By the way, I’m thinking both of code dependencies and, though I didn’t make this clear, of run-time dependencies that can easily (though need not, with good design) accrete the larger the transitive closure of the code base becomes. More shared libraries ==> more dynamic loads, more traversals of search paths, more system calls, slower startup of applications. More code included ==> lower probability that the final application author has a full understanding of the environment that is required and the surprising things that may happen under the covers - e.g., unexpected I/Os loading configuration and conditions data associated with big frameworks.

This conversation seems worth continuing, as we appear to be heading to a phase of the project when it is becoming more likely that DM code will be appearing in a variety of summit processes. (See, for instance, the discussions at the recent Camera workshop, which I’ll write up elsewhere.)

Similar concerns arise, for instance, in the question of whether DM code will be used/usable in the centroiding of the stars observed by the guide sensors, and of how much of the usual application framework can/must be stripped away to allow the actual analysis to run in the few milliseconds available.

It is relevant to our design for packaging and deployment of the DM software whether our vision is that people should simply quasi-monolithically install “the stack” or whether it is possible to create narrow slices as appropriate. This is also relevant if we wish to share elements of the architecture we are developing (e.g., the Butler) with other projects without requiring them to absorb all of DM or even all of afw. It’s relevant to whether there are any parts of our C++ software that are useful without the Python, and vice versa.

One way to address this is to wait until very concrete use cases appear - e.g., the construction of the guider system software - and then tackle the issue as seems necessary. It may just be too complicated and fuzzy to attempt to reason about it without at least a few guiding examples. If so, I feel like we should run through a few such examples soon-ish (certainly by 2017).

parejkoj · July 1, 2016, 8:49am

@rowen wrote PyGuide based on a fairly sophisticated algorithm from Jim Gunn and Connie Rockosi. It does not depend on any stack software (was not written for LSST), and has very few other dependencies (basically scipy and numpy). It is quite fast–we replaced Jim and Connie’s hand-tweaked C code with it at the SDSS 2.5m at APO and it’s slightly faster–and could serve as a minimal guiding framework to build on. Plus, the primary author is part of the project.
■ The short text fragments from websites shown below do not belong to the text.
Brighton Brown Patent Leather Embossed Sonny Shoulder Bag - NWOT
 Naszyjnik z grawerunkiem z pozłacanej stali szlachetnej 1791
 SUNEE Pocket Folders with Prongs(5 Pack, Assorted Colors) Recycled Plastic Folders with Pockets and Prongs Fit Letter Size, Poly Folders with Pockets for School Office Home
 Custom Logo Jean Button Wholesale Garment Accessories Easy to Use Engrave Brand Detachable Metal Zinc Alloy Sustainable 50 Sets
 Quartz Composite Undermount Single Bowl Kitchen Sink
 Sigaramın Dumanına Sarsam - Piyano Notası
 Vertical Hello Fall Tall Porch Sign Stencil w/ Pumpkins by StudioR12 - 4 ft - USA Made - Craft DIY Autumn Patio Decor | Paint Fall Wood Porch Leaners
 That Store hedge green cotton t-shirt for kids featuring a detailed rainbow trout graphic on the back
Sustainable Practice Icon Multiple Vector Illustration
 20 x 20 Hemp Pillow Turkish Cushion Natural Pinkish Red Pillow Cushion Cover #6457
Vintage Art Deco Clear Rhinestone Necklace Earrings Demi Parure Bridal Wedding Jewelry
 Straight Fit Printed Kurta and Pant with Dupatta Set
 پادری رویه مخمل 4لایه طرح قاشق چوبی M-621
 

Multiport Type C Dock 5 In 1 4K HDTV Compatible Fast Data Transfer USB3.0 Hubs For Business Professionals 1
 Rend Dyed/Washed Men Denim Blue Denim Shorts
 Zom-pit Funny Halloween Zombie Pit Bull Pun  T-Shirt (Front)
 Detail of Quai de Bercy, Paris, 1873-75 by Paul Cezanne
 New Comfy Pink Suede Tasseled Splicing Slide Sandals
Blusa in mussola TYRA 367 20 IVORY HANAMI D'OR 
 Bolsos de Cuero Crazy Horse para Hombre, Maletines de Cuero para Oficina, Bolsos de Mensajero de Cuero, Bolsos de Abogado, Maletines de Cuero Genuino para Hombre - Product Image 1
Relatedly, Russell also wrote the new (and old, but that’s not relevant here) TCC for the SDSS telescope. It’s been running at the APO 2.5m for about a year, and on the 3.5m for longer. It’s mostly python. I don’t know how the TCS requirements for LSST compare or whether this was considered a possibility.

gpdf · July 7, 2016, 1:00am

I think the assumption so far has been that the TCS group was going to write the higher levels of their control loops themselves, largely from scratch. I don’t explicitly know whether @rowen’s previous work is being looked at by the TCS team.

The context of my post was that there is a slowly developing consensus that the non-DM components of LSST should, when reasonable and feasible, use DM stack code in preference to rewriting algorithmic code. This has been said about the centroiding, in particular. So the question is whether the packaging and interfaces of the DM algorithmic code are at present well-suited to “I receive in memory 8 50x50 raw images from the Camera every 1/9 second and I need to find a known source and its centroid for each image (presence of a star and data quality permitting, of course!) in a small and stable number of milliseconds after receipt.”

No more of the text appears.